Ease the Burn: 5 Ways to Relieve the Stress of Burnout

Do you find yourself feeling unmotivated at work? Do you dread just going to work? Burnout in veterinary medicine is no easy problem, but there are some relatively easy ways to tackle it.
Kerry Lengyel
Published: March 19, 2017
The stress level for veterinary professionals often seems overwhelming and never-ending. Burnout is a job-related hazard to which any member of the veterinary team is susceptible. In fact, 85% of attendees at the 2013 American Veterinary Medical Association annual convention stated that they believe stress and burnout are important wellness concerns in the veterinary community.
 
Causes of burnout may include long work hours, a heavy workload, client demands, poor work–life balance, and a lack of professional support, among others. Some of the symptoms include physical and emotional exhaustion, lack of focus, negative attitudes toward work, irritability or hostility toward coworkers and clients, and low self-esteem.
 
The good news is that there are strategies you can use to relieve stress if you’re feeling burned out. And some of those strategies are simpler than you might think.
 
1. Take breaks.
If you find yourself feeling stressed out and on the verge of burnout, maybe it’s time to take a break. Don’t just stay at your veterinary practice, though—try to physically get away from it. Make a habit of taking a 1-hour lunch break at least once a week away from your clients, your hospital, and your stress. Get outside, relax, meditate, or even do yoga for a few minutes to center your mind and refocus. 
 
2. Take care.
It can be hard to maintain a healthy lifestyle when you work more than 40 hours each week, but it is not impossible. If you’re feeling the crush of burnout, changing your diet or adding an exercise routine can help dramatically. Commit to taking a weekly exercise class or walk with a friend. Indulge in a non-veterinary hobby in your off hours. And be sure to get enough sleep. Remember to take care of yourself before worrying about what you need to take care of at work.
 
3. Speak up.
Keeping your stress bottled up will only lead to more stress. If you feel that you are being given too much work, being scheduled to work too often, not given enough compensation, or no longer enjoying what you are doing, speak your mind. Rather than wallowing inside your own head, talk to—and seek help from—a trusted coworker. Simply “venting” to another person who shares your experiences can help you unload negative feelings. Likewise, if you feel that your work atmosphere is toxic, approach the practice manager or owner with suggestions for improvement. Outside of work, let your family and friends know how you are feeling; their support will ease some of your burden.

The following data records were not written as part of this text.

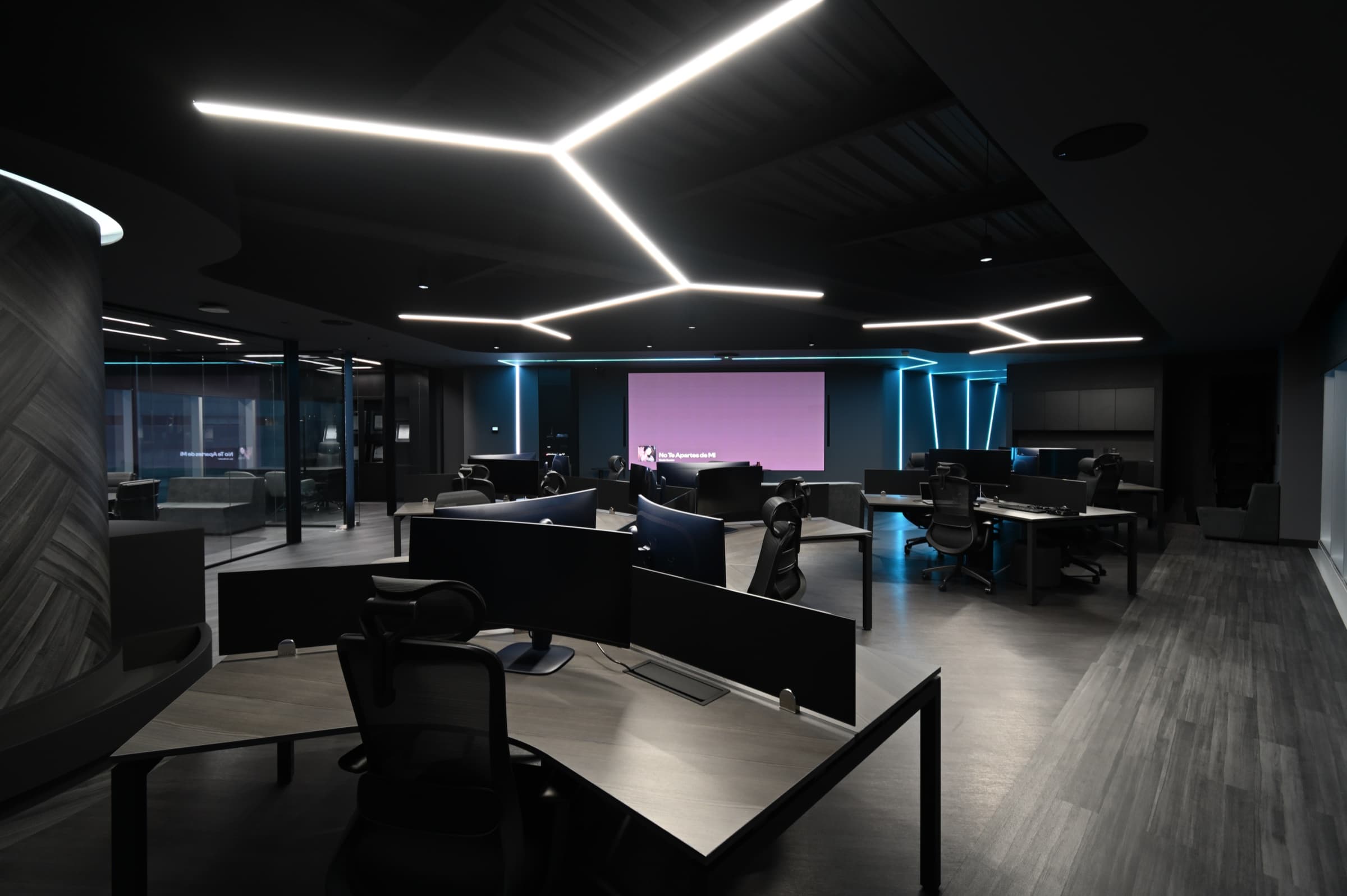 Área de trabajo de noche con pantalla encendida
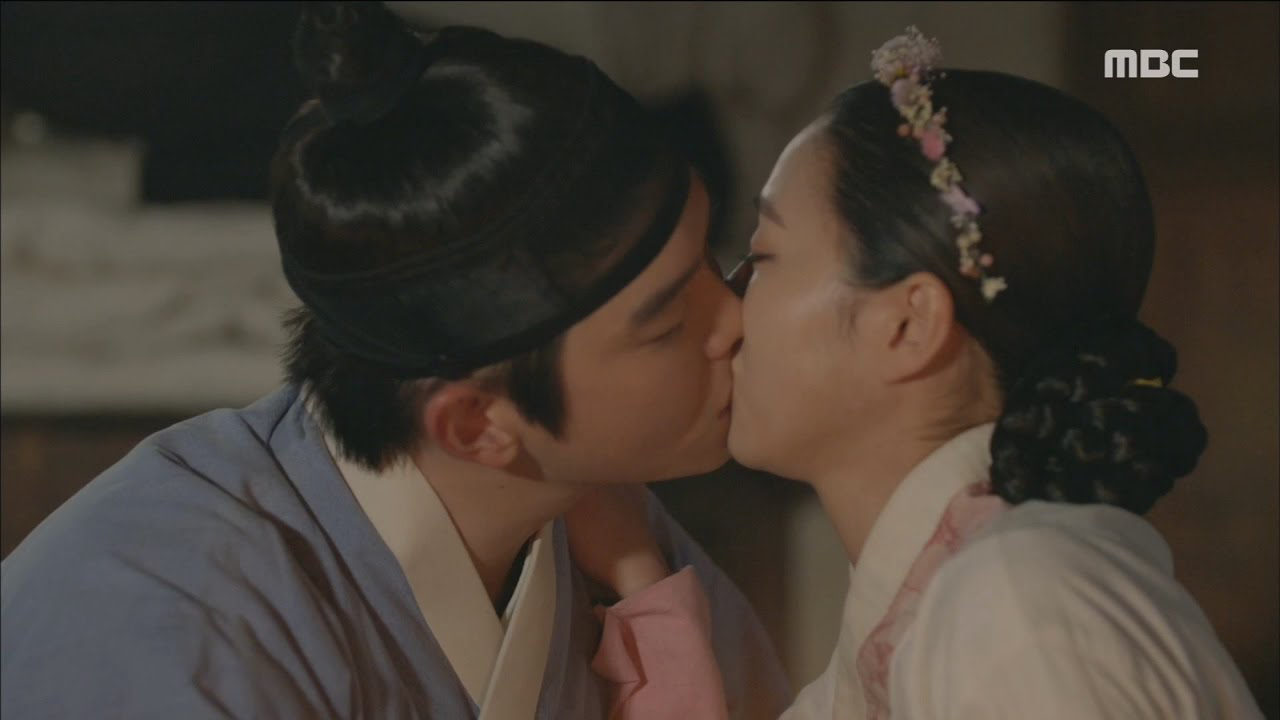 Latest photo of Yoon Kyunsang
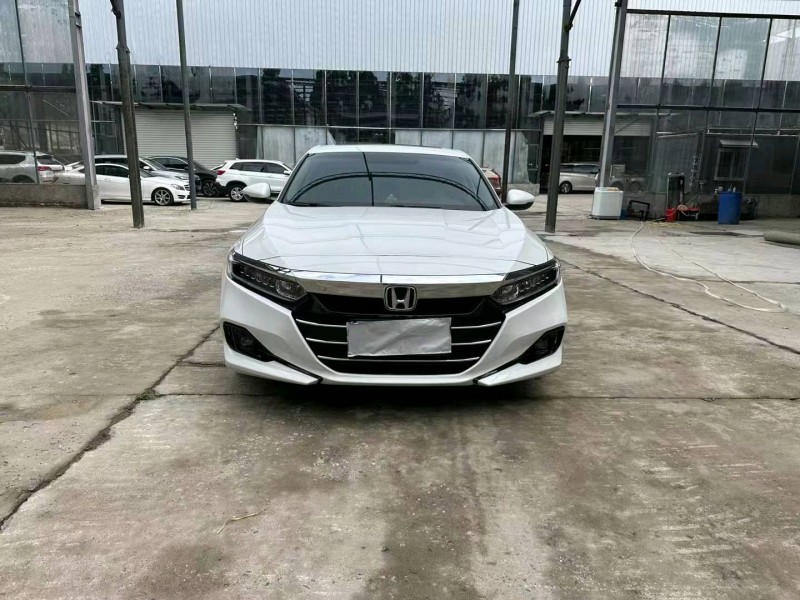 徐州22年本田雅阁1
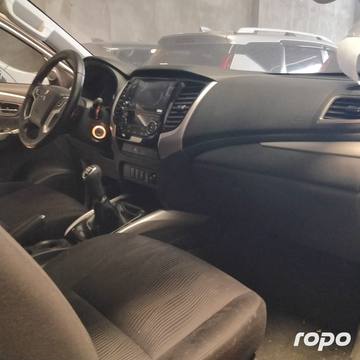 2023 Mitsubishi Montero Sport, M/T, Diesel,18T photo 10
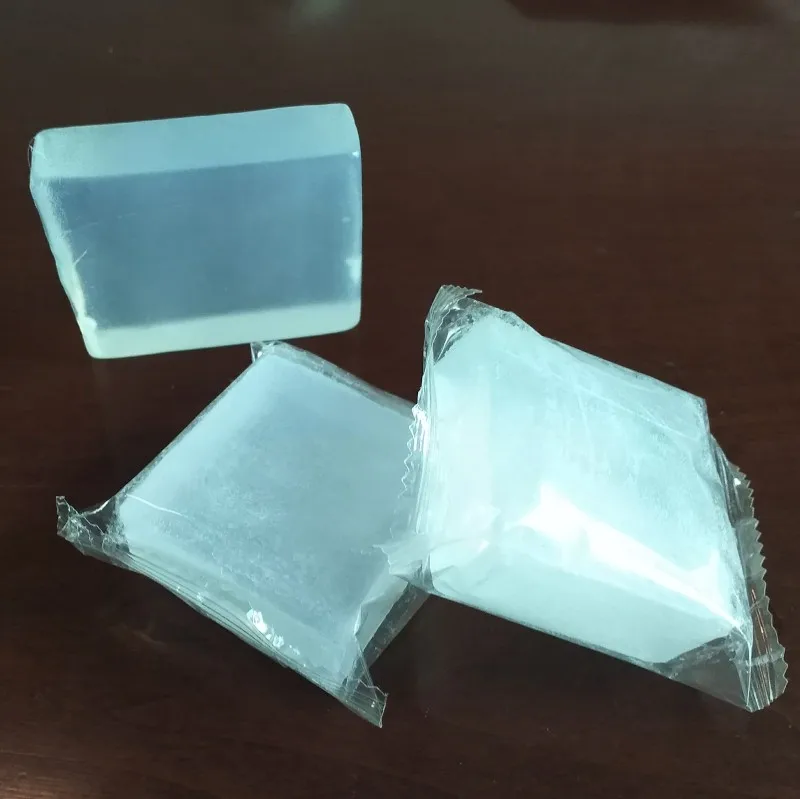 Hot Selling Homemade Soaps Body Wash Bath Squares Use Natural Transparent Melt and Pour Glycerin Soap Base for DIY Toiletries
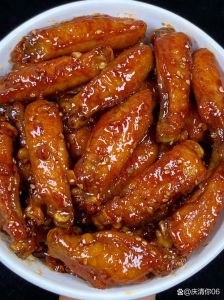 懒人鸡翅的简单做法_懒人鸡翅做法多，椒盐蜜汁煎炸焖，简单美味易上手！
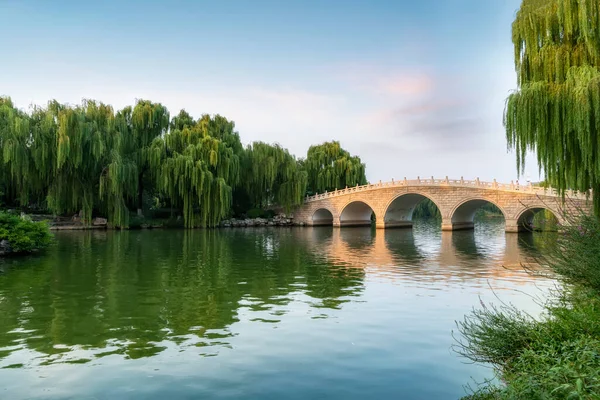 Jina 'daki Daming Gölü Parkı' nın antik mimari manzarası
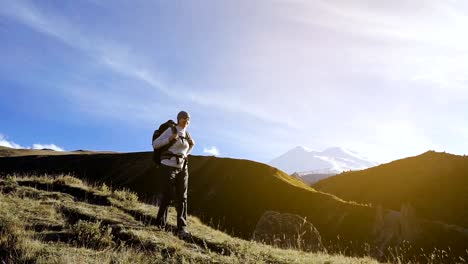 Wanderer-Frau-Gebirge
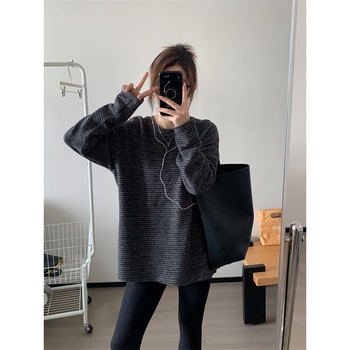 Μπλουζάκι T από ακρυλικό ύφασμα, βουρτσιστή υφή, ριγέ σχέδιο, φαρδιά γραμμή, μακριά μανίκια.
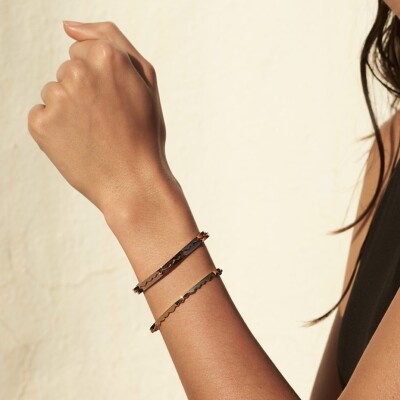 Bracelet Akillis jonc ouvert Capture Light en or jaune et diamant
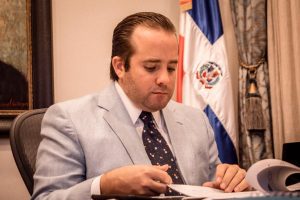 Ministerio Administrativo de la Presidencia presenta ahorros por 263 millones de pesos en primeros tres meses
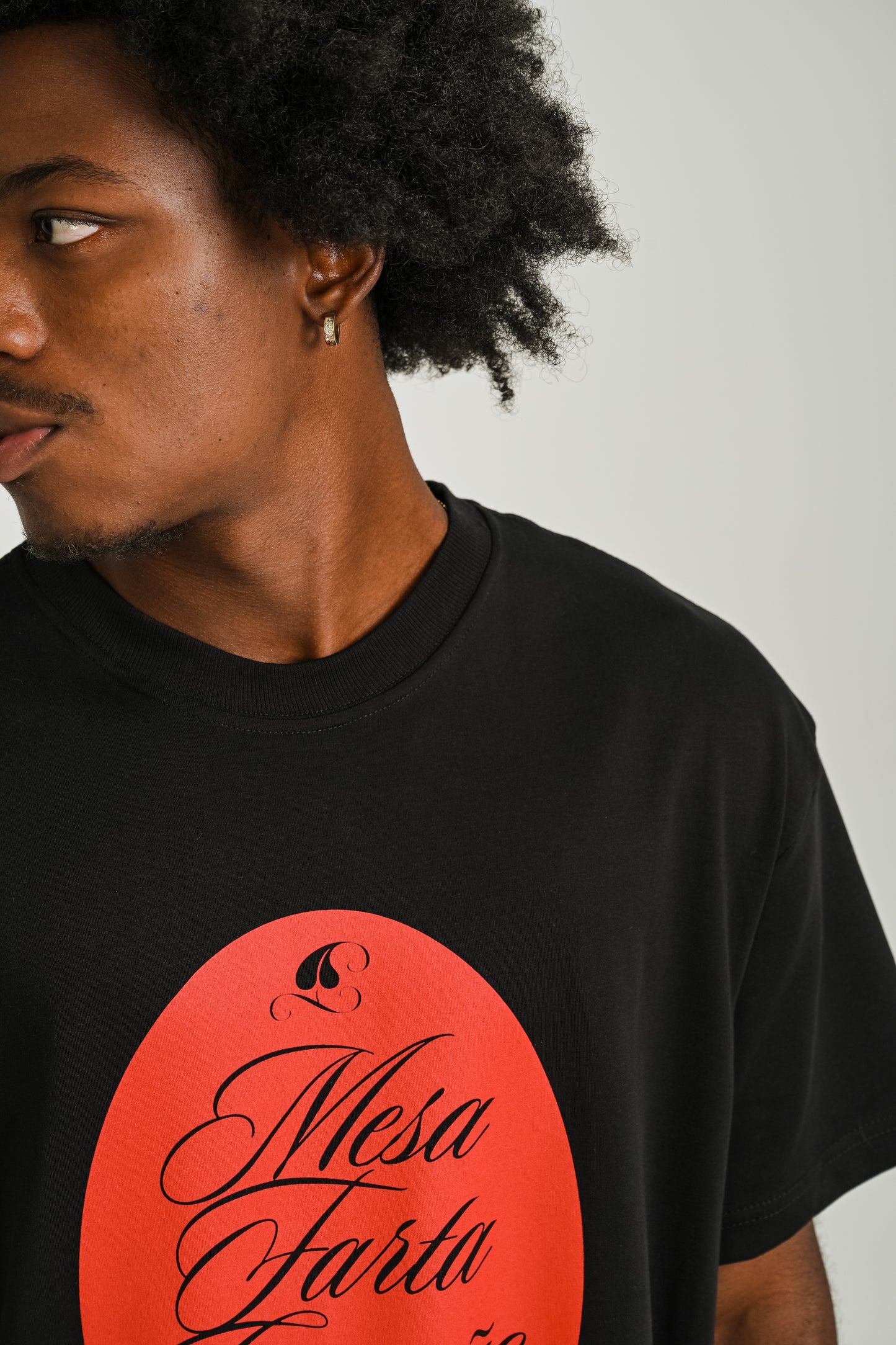 Camiseta Over Mesa Farta Preta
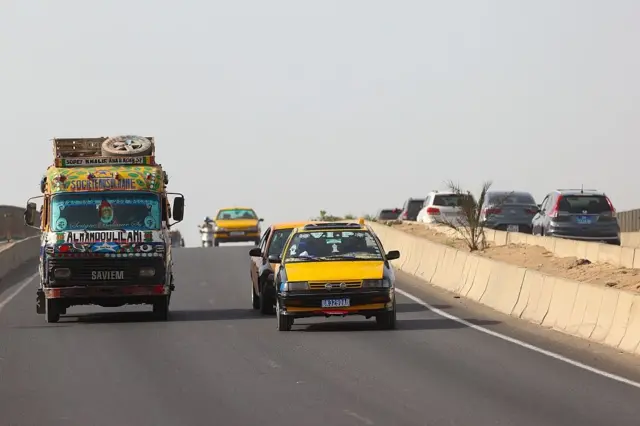 Vue sur les minibus colorés appelés « cars rapides », qui assurent le transport urbain à Dakar, la capitale du Sénégal, depuis plus de 60 ans.
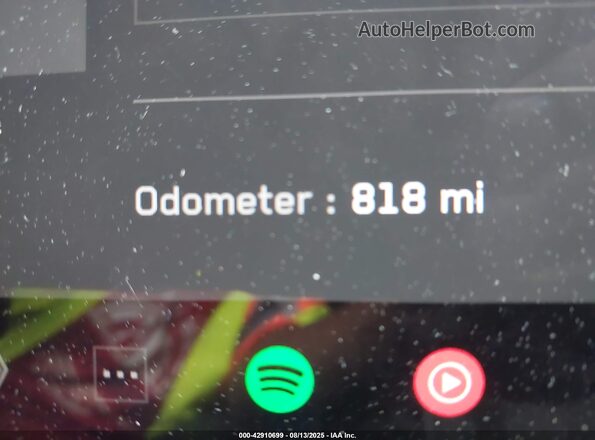 7G2CEHEE3SA061973 2025 TESLA CYBERTRUCK Silver Widok wnętrza 360 stopni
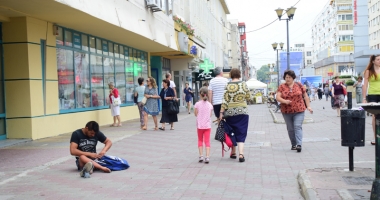 "Dăăăăm un ban pentru copilaș!" Centrul Constanței, raiul cerșetorilor - 5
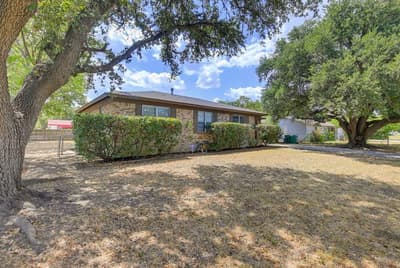 5328 Ira Street N, Haltom City TX 76117 - Photo 3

If you find your stress level so overwhelming that you’ve become depressed or physically ill, seek professional help.
 
4. Celebrate wins.
Think back to why you entered the veterinary profession in the first place. What goals did you set for yourself back then? Which have you reached? Take a few minutes either during or after your work day to stop and think about the everyday goals you have accomplished, and be optimistic about them. Acknowledging these small wins will help keep you going throughout your work week and rekindle your sense of purpose.
 
5. Turn off.
This can be one of the hardest things for veterinary team members to do when they get home, but it’s vitally important to follow the mantra that you “leave work at work” and “turn off” from that world when you get home from a long day. Likewise, when you have vacation time, use it to its fullest benefit. When possible, don’t plan errands on your days off; plan relaxation. Otherwise, planned time off simply becomes more planned stress.
 
These are just a few simple ways to start easing your mind and relieving the stress of work burnout. It won’t happen overnight, but with enough practice and effort, that weight should start to lift from your shoulders.